L’organisation en consortiums est un système qui fonctionne bien aux États-Unis. Il serait souhaitable que les bibliothèques universitaires françaises s’en inspirent afin de ne pas rester en retrait, dans un univers qui évolue sans cesse.

  1. (retour)↑  http://www.enssib.fr/eco-doc Adresse électronique : salaun@enssib.fr
  2. (retour)↑  Jean-Michel Salaün a attiré l’attention sur les problèmes de propriété intellectuelle. Le droit français privilégie le droit de l’auteur, le modèle de la bibliothèque y est dans une a-légalité très large. Le prêt entre bibliothèques est lui totalement illégal, sans fondement juridique. Quant au monde anglo-saxon il privilégie le droit du lecteur. Cf. l’article de Jean-Michel Salaün et Alain Marter, « Propriété intellectuelle et bibliothèques françaises : leçons américaines et opportunités européennes », BBF, 1998, n° 3, p. 12-16.
  3. (retour)↑  Adresse électronique : ann.okerson@yale.edu. Le site Liblicense (http://www.enssib.fr/miroir/liblic) offre des informations variées sur la manière de négocier de bonnes licences : définition de mots, conseils, modèles de bons contrats, bibliographie…

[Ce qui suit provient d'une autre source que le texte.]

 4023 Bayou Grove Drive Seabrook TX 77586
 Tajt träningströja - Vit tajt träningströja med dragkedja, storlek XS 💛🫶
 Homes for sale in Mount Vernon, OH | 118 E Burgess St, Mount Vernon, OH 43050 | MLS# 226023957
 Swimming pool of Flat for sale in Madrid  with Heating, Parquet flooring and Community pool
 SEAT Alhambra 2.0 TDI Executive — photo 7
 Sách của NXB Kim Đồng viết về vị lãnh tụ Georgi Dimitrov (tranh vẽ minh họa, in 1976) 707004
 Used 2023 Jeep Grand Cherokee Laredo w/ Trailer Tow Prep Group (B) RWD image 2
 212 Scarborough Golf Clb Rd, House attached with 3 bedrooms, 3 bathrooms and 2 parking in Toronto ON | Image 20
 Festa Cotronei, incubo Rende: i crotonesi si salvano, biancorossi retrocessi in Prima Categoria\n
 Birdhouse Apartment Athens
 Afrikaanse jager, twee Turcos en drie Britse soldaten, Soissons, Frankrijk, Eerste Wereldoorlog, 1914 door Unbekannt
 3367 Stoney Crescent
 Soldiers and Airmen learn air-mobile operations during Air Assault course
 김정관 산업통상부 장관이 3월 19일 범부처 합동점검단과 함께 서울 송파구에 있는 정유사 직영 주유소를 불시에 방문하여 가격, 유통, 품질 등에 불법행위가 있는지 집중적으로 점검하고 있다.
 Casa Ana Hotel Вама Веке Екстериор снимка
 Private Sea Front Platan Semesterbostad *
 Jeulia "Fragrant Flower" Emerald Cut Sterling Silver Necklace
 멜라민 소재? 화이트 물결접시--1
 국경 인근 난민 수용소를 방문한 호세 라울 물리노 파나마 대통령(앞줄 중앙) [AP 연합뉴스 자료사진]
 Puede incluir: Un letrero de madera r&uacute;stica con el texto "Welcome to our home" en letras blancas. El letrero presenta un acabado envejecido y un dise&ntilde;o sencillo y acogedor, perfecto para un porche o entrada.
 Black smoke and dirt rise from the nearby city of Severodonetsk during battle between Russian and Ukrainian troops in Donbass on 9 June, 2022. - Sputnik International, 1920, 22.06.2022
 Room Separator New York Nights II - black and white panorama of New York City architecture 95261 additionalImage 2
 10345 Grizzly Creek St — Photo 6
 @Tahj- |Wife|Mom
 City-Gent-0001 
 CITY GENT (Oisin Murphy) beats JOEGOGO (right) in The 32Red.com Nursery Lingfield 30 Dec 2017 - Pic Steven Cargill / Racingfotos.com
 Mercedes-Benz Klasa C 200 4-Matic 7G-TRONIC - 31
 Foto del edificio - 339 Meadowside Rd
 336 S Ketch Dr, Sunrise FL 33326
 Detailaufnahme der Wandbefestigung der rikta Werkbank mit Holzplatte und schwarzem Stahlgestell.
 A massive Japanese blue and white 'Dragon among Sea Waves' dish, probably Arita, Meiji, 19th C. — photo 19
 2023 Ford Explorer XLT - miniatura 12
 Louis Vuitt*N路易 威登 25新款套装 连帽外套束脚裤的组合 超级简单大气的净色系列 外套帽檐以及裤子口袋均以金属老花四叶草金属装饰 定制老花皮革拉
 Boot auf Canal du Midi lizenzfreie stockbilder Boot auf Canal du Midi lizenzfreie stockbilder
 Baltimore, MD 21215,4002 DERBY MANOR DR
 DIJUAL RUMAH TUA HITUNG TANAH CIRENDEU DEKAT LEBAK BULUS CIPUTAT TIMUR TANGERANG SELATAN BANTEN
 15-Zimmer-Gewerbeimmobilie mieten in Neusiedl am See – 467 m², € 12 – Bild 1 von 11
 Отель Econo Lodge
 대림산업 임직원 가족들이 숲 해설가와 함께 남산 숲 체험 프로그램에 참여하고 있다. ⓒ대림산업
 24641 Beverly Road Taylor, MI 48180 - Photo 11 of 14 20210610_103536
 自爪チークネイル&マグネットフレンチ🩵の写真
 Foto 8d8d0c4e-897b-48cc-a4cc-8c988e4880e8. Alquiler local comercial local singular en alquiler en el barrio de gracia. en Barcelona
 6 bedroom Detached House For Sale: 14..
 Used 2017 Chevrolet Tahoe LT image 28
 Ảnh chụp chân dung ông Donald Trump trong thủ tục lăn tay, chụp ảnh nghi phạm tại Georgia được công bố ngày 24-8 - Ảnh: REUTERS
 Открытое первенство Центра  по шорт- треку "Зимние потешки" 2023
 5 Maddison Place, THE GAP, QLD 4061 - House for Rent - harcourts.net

  4. (retour)↑  L’étude la plus importante sur le sujet a été menée aux États-Unis en 1992, sur vingt-quatre bibliothèques américaines et sur une période de vingt-cinq ans environ (de 1963 à 1990). L’augmentation constatée est de 11,3 % (7,22 % pour les livres), et entraîne deux conséquences : pour la première fois, le nombre de titres achetés par bibliothèque a diminué ; le poids des dépenses d’acquisitions des périodiques pèse lourd sur les achats de monographies. Les bibliothèques changent donc de politique, de stratégie générale, et s’orientent vers l’électronique.